- Born: Athens, Greece
- Education: University of California, Berkeley
- Known for: x-ray optics
- Scientific career
- Institutions: Lawrence Livermore National Laboratory Lawrence Berkeley National Laboratory Center for Astrophysics | Harvard & Smithsonian

= Regina Soufli =

American physicist

Regina Soufli is a Greek-American physicist and a staff scientist at Lawrence Livermore National Laboratory, in Livermore, California, where she works on the development and the characterization of materials and thin-film coatings for extreme ultraviolet (EUV) and X-ray applications. The results of her work is the heart of the reflective optics used in EUV lithography, the next-generation in semiconductor manufacturing technology, in satellites such as NASA's Solar Dynamics Observatory and NASA/NOAA's GOES-16 to GOES-19, or on optics for Free-electron lasers such as the Linac Coherent Light Source at SLAC National Accelerator Laboratory.

== Career ==
Soufli earned her PhD from the University of California, Berkeley, studying the optical constants of materials in the EUV/Soft X-ray region for multilayer mirror applications under the supervision of David Attwood at Lawrence Berkeley National Laboratory, after initially completing an undergraduate degree at the National Technical University of Athens in Greece.
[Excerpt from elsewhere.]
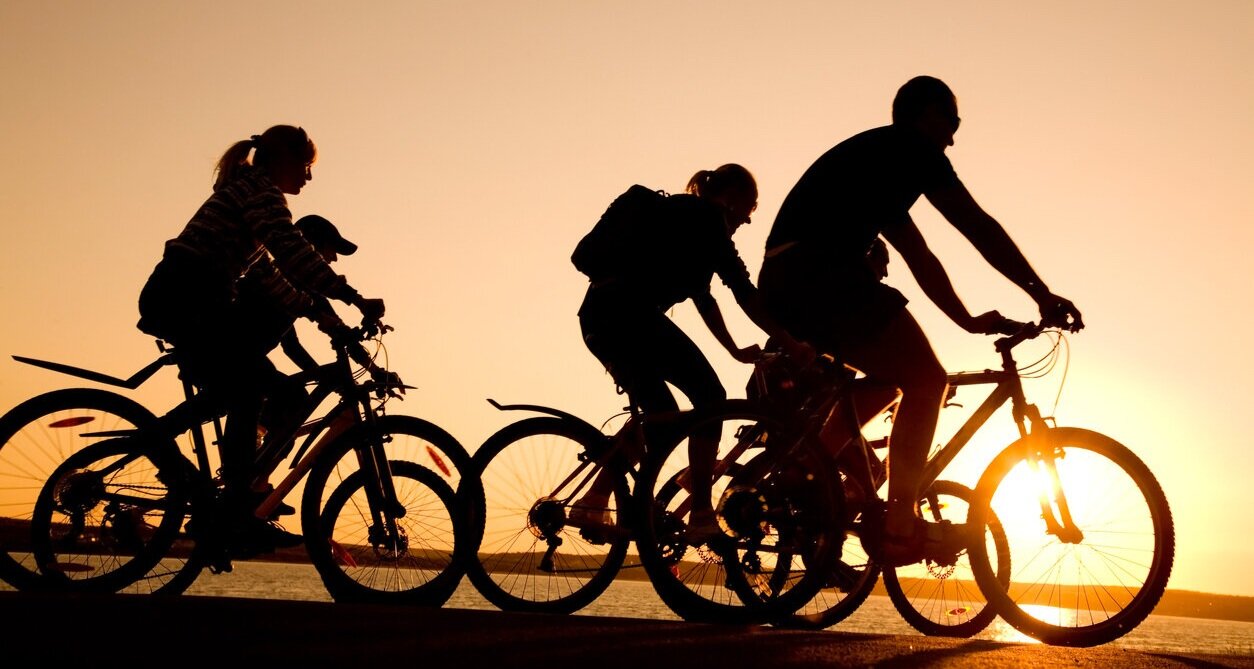 Silhouettes-of-friends-riding-bicycles-at-sunset-176808352_1258x839.jpg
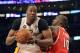 Mar 3, 2013; Los Angeles, CA, USA; Los Angeles Lakers center Dwight Howard (12) drives against Atlanta Hawks center Johan Petro (10) during the game at the Staples Center. Mandatory Credit: Richard Mackson-USA TODAY Sports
After her PhD, she joined the Center for Astrophysics | Harvard & Smithsonian in 1997 to work on the optics of the Chandra X-ray Observatory. She then joined Lawrence Livermore National Laboratory in 1999 as a staff scientist.

Soufli is a fellow of the Optical Society of America and a senior member of the SPIE. In 2012, she received a NASA award as a member of the Solar Dynamics Observatory science investigation team.